Open Source

New Qwen 27B quantization fits 16GB VRAM with 105k context

14.1GB model runs 1.5x faster, eliminates blank outputs on NVIDIA GPUs.

Deep Dive

A new quantization of the Qwen-27B model, Qwen3.6-27B-i1-IQ4_KS-GGUF, has been released by cHunter789, specifically optimized for NVIDIA GPUs with 16GB VRAM. The model leverages ikawrakow's KS and KSS quants, which are not yet available in mainline llama.cpp, requiring the custom ik_llama.cpp fork (NVIDIA CUDA and CPU only—no AMD or Apple Silicon support). At just 14.1GB, it enables a 27B parameter model to run on consumer-grade GPUs. With a Q4_0 Hadamard KV cache configuration, the model supports a 105k context window, making it suitable for long-document tasks.

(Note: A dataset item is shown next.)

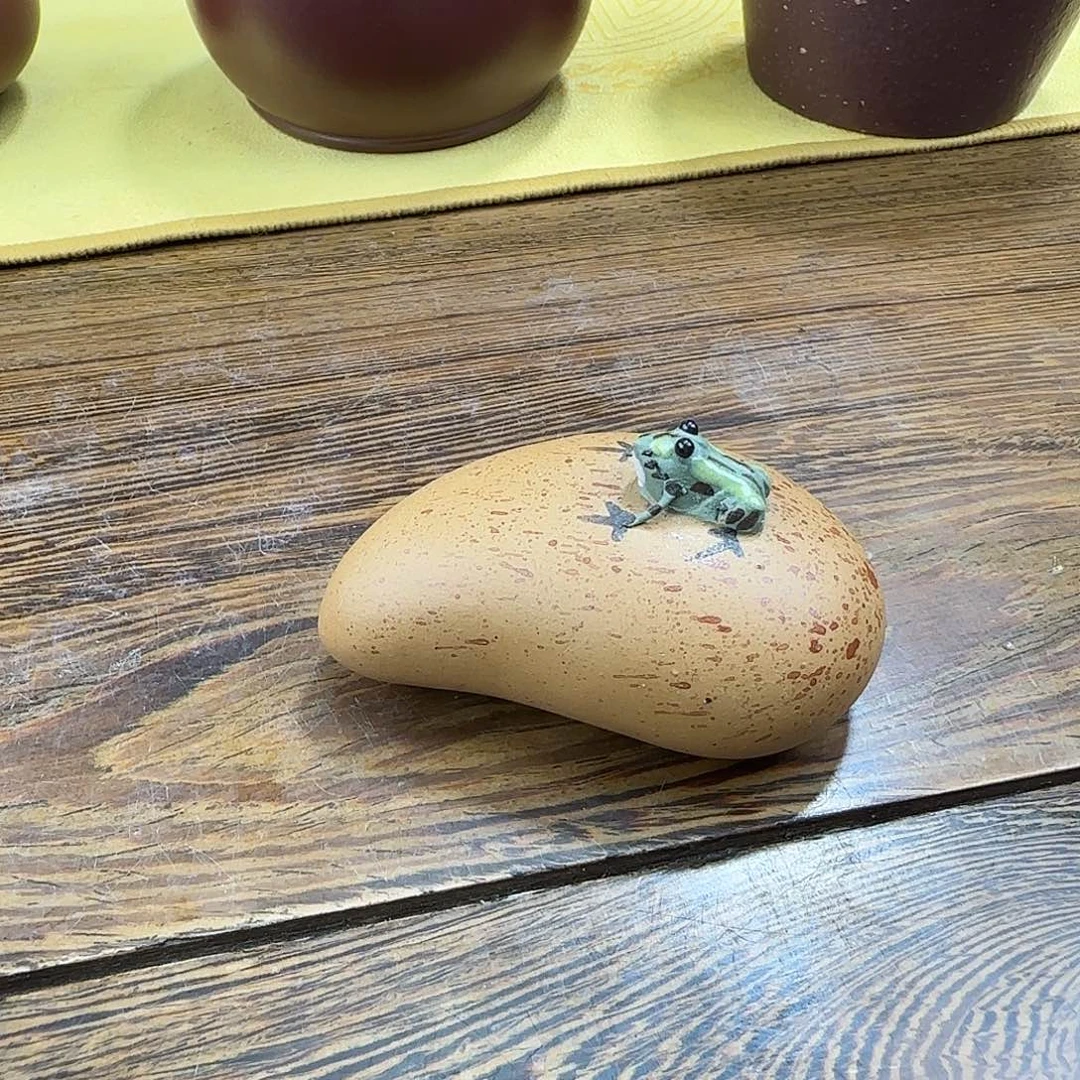紫砂茶壶喷水青蛙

Performance testing over several days in production workflows revealed a 1.5x–1.75x speed increase over the previous IQ4_XS variant, with complete elimination of blank outputs and flawless search-replace functionality. Perplexity evaluations on a 65k context using the Gutenberg dataset yielded a final PPL of 7.4040 ± 0.02773. The model also passed the Qwen benchmark and a needle-in-a-haystack test across 100k tokens. Users can replicate the setup with the provided llama-server configuration, including flash attention and temperature 0.15 for deterministic output.

Key Points
  • 14.1GB model size fits 16GB NVIDIA VRAM using custom KS quants from ikawrakow.
  • Supports 105k context window with Q4_0 KV cache on ik_llama.cpp (CUDA only).
  • 1.5x–1.75x faster than prior IQ4_XS variant, with zero blank outputs and PPL of 7.4040.

Why It Matters

Enables running a 27B parameter model on consumer 16GB GPUs with large context, democratizing local LLM deployment.